[Image-text web data]
•••

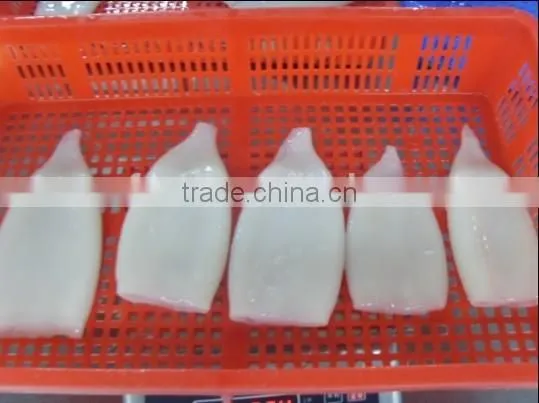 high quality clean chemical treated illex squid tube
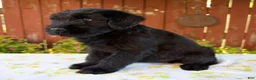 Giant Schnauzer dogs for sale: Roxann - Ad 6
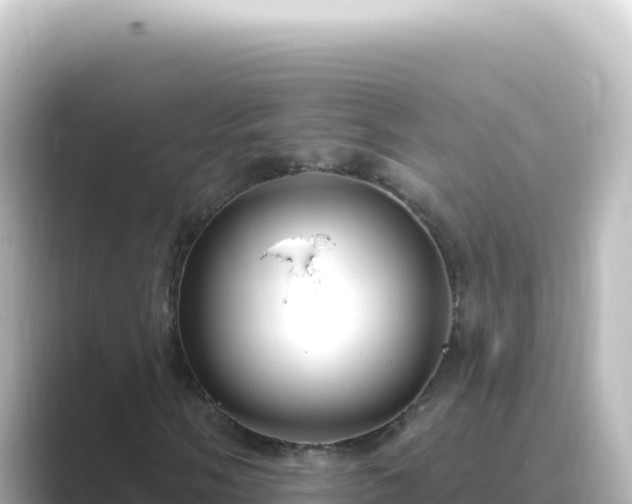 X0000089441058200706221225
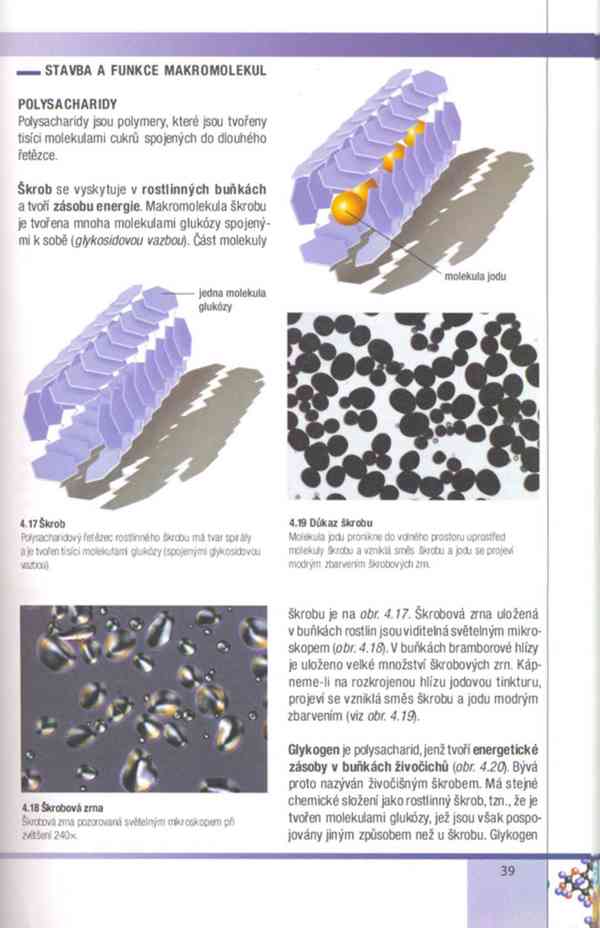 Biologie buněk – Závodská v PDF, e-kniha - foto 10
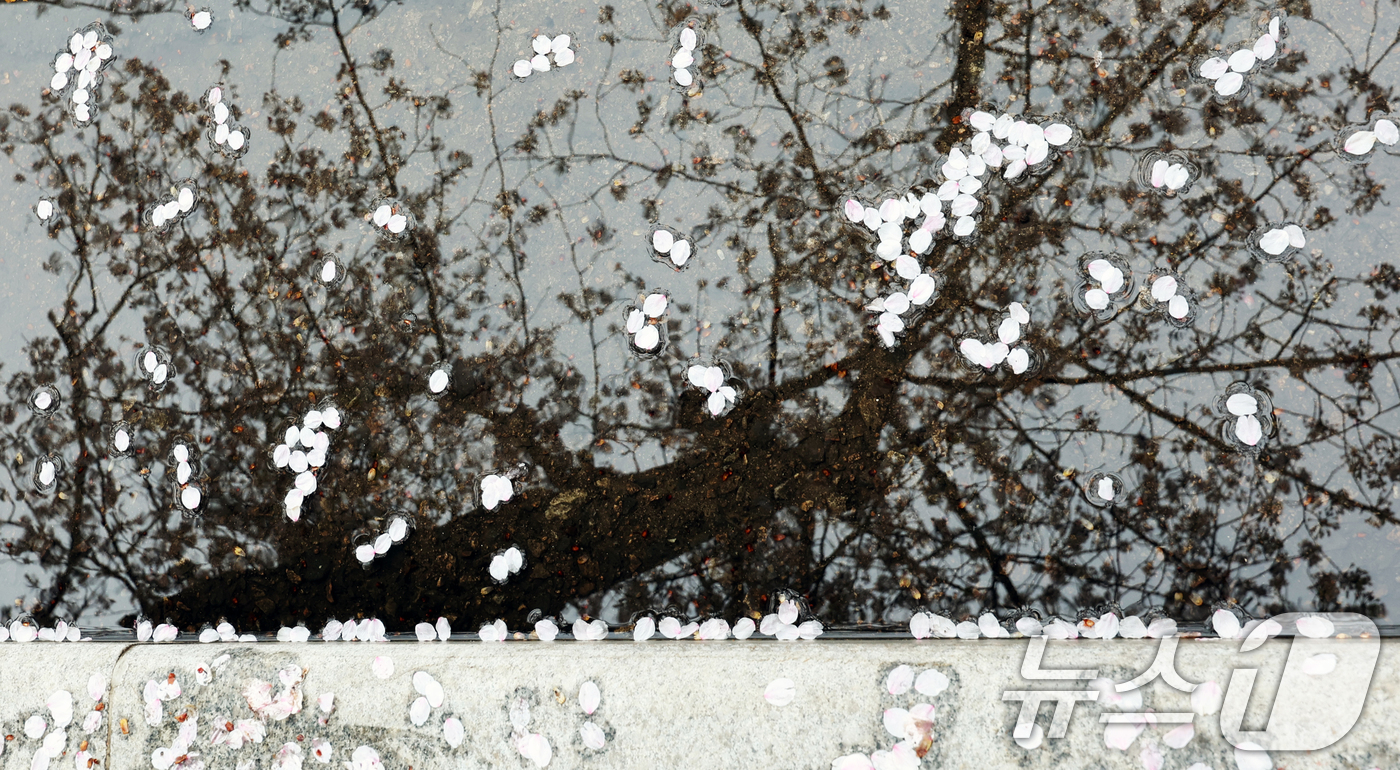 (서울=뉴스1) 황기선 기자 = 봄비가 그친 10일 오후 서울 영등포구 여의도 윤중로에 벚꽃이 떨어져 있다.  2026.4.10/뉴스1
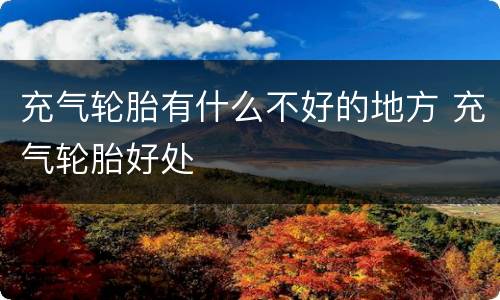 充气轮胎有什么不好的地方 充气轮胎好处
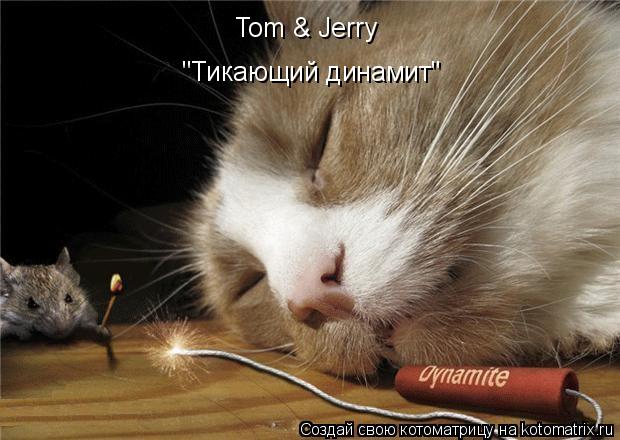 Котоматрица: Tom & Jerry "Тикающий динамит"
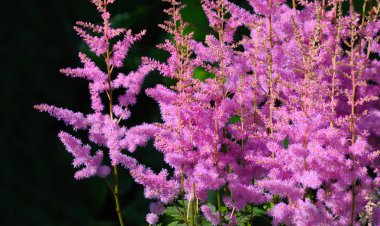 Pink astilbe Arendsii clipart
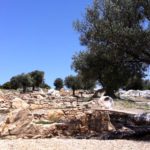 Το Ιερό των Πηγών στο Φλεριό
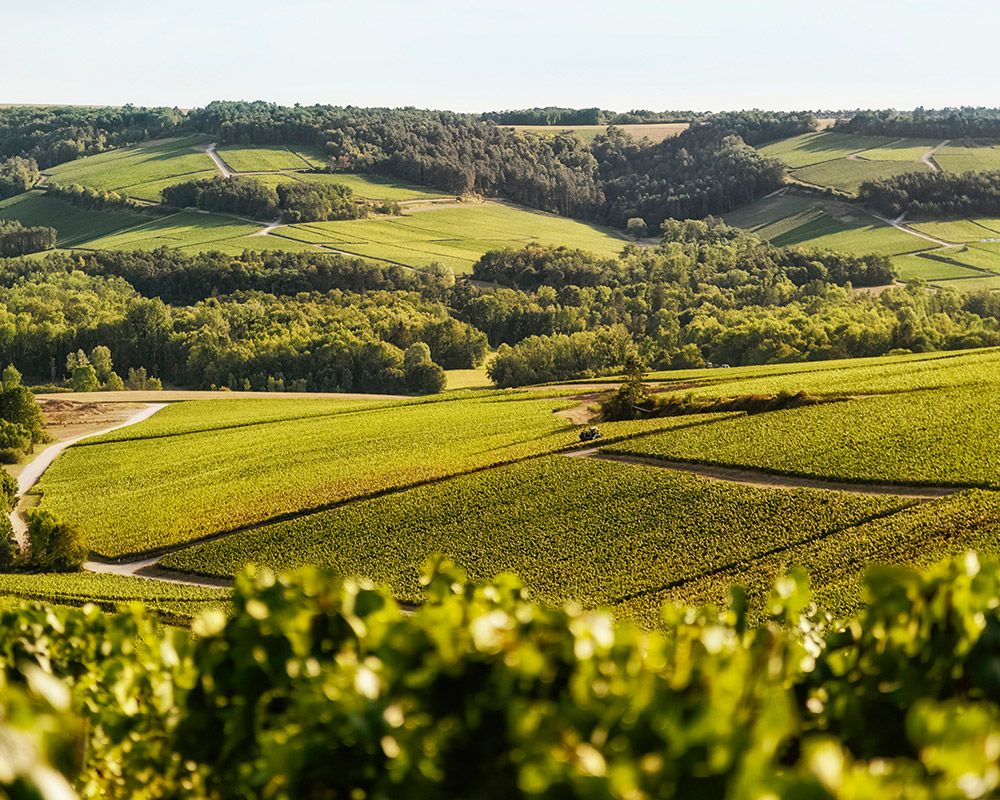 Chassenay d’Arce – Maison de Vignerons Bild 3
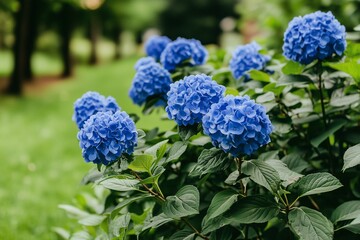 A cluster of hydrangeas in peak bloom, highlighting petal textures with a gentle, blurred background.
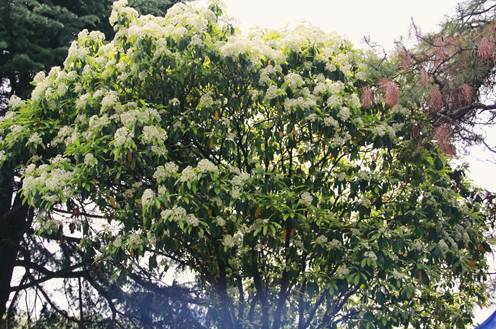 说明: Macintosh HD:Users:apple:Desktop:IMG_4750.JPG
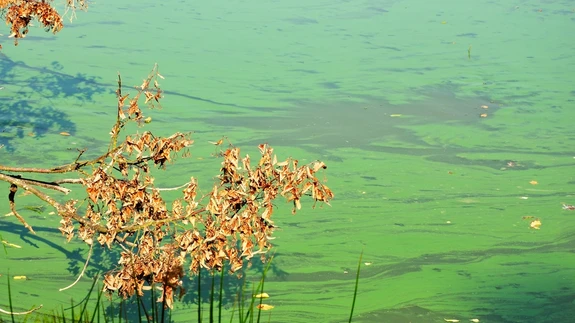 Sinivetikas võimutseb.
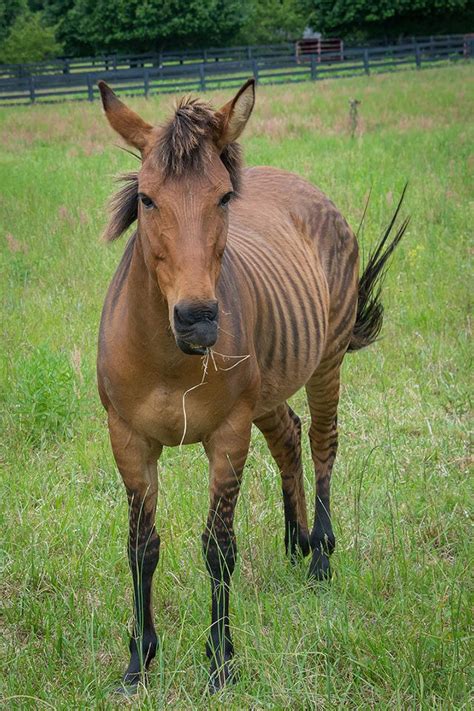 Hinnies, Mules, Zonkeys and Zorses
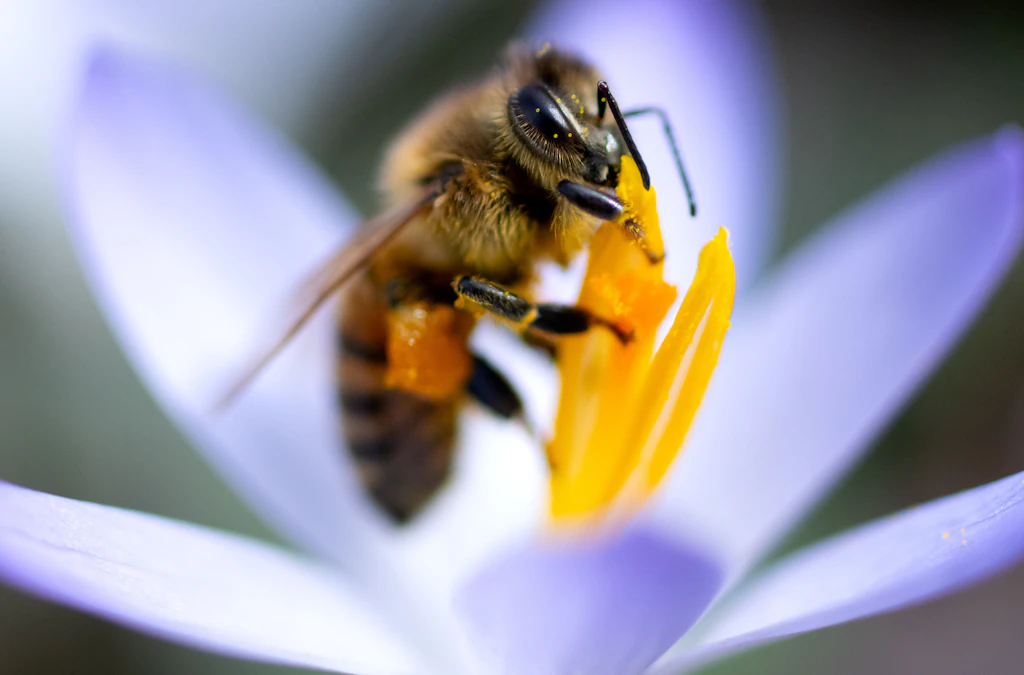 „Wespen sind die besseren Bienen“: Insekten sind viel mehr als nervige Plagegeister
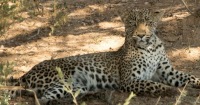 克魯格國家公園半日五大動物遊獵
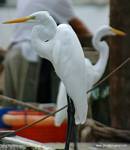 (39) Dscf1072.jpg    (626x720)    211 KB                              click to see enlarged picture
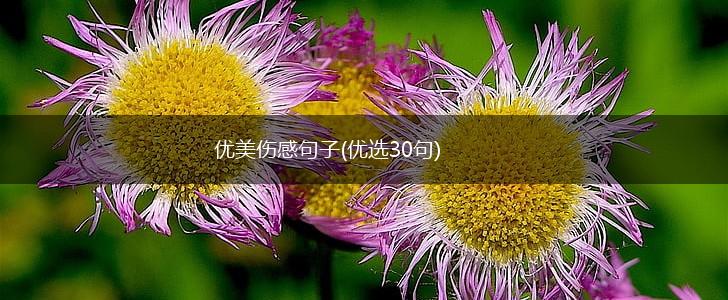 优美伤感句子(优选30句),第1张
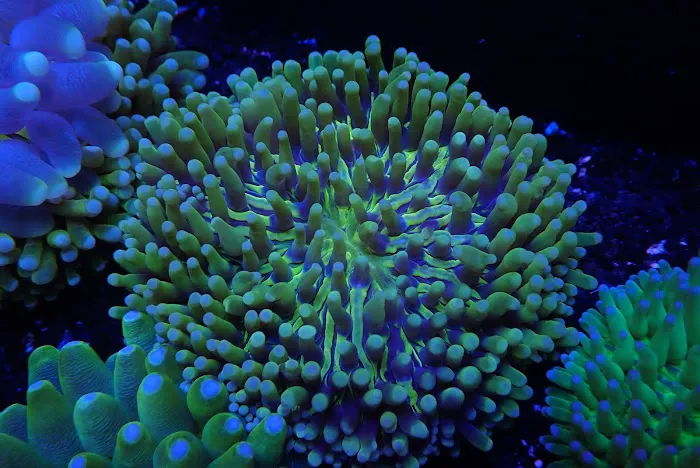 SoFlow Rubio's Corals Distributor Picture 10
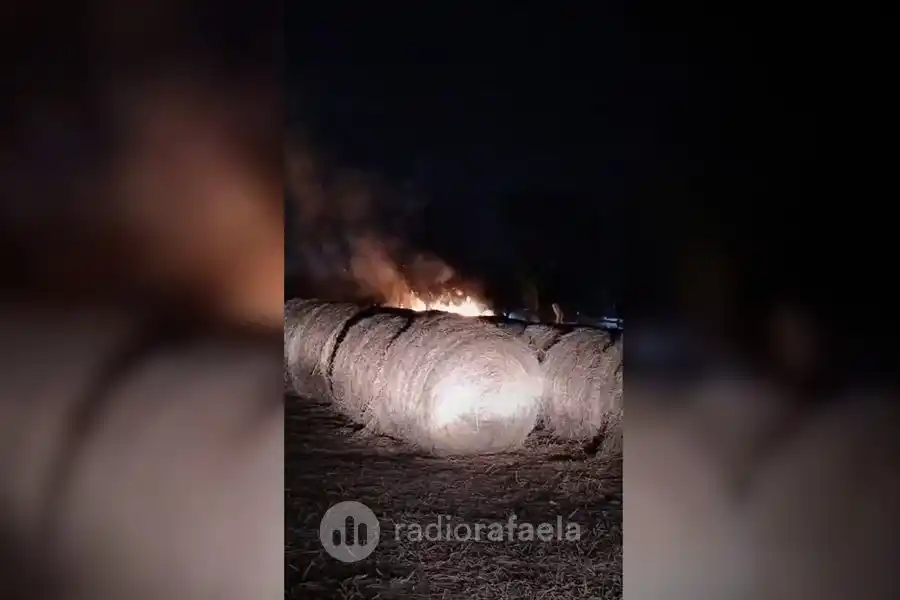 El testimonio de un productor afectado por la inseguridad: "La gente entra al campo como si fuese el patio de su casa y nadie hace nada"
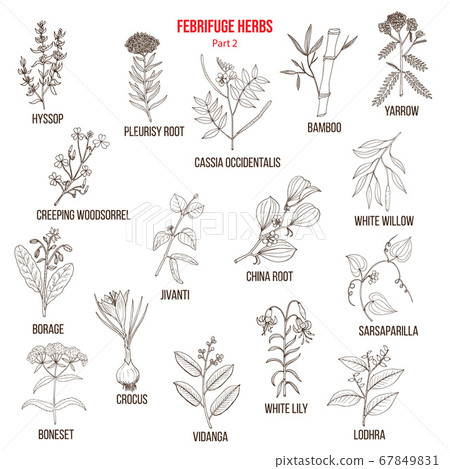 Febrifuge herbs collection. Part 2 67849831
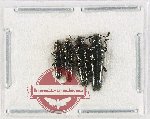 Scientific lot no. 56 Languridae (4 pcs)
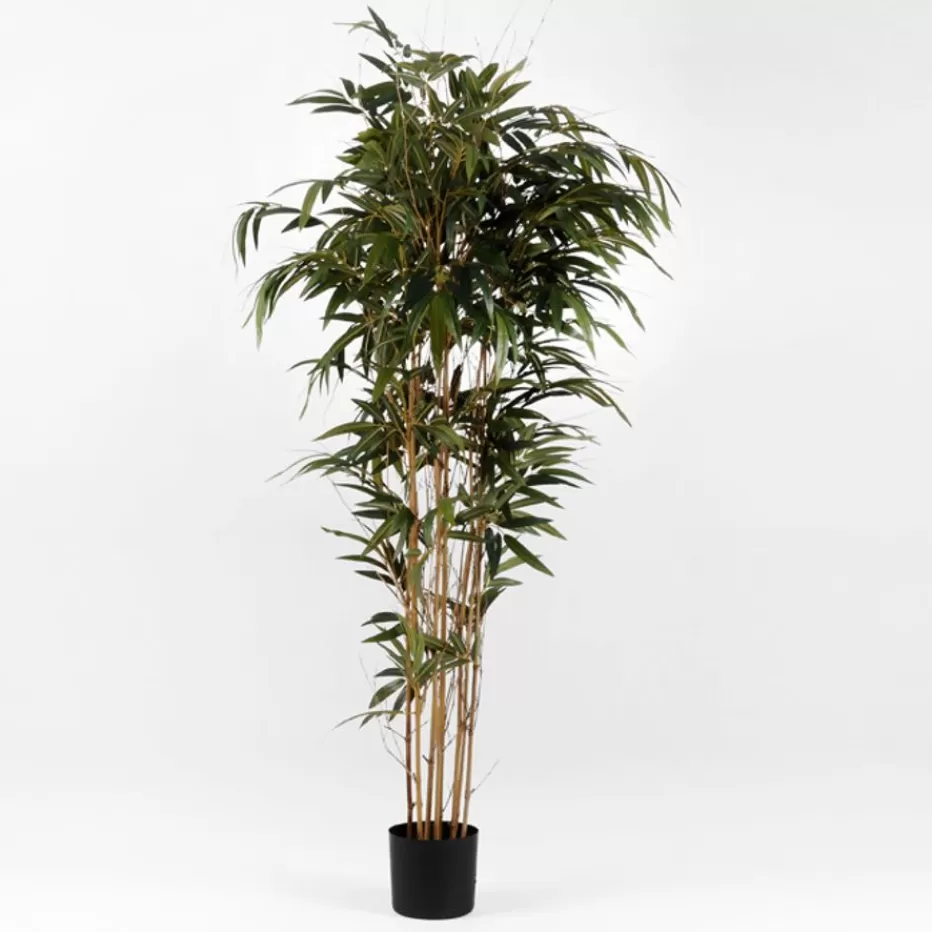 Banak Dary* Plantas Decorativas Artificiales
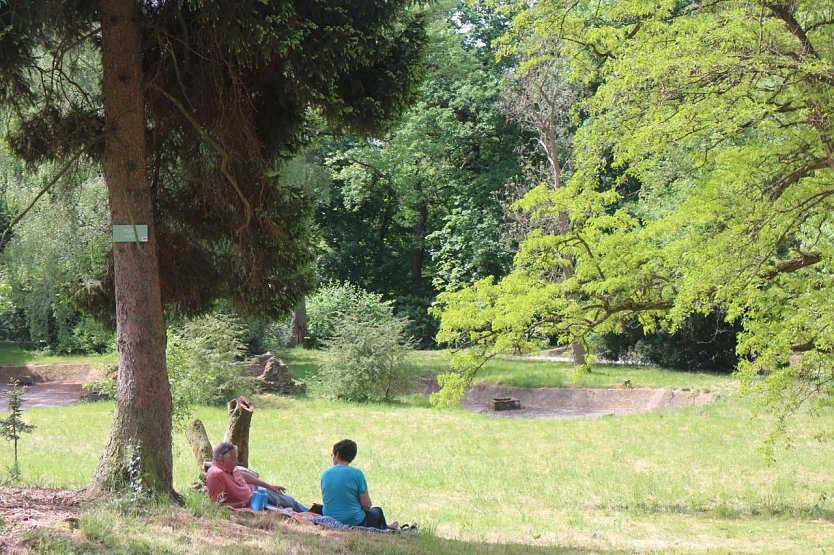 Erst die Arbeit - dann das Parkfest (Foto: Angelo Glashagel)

•••

Task details:
Write out exactly the lines from the one that contains "Scientific lot no. 56 Languridae (4 pcs)" through the last line of the data above, both included. Leave every picture out.

Exercise response:
 Scientific lot no. 56 Languridae (4 pcs)
 Banak Dary* Plantas Decorativas Artificiales
 Erst die Arbeit - dann das Parkfest (Foto: Angelo Glashagel)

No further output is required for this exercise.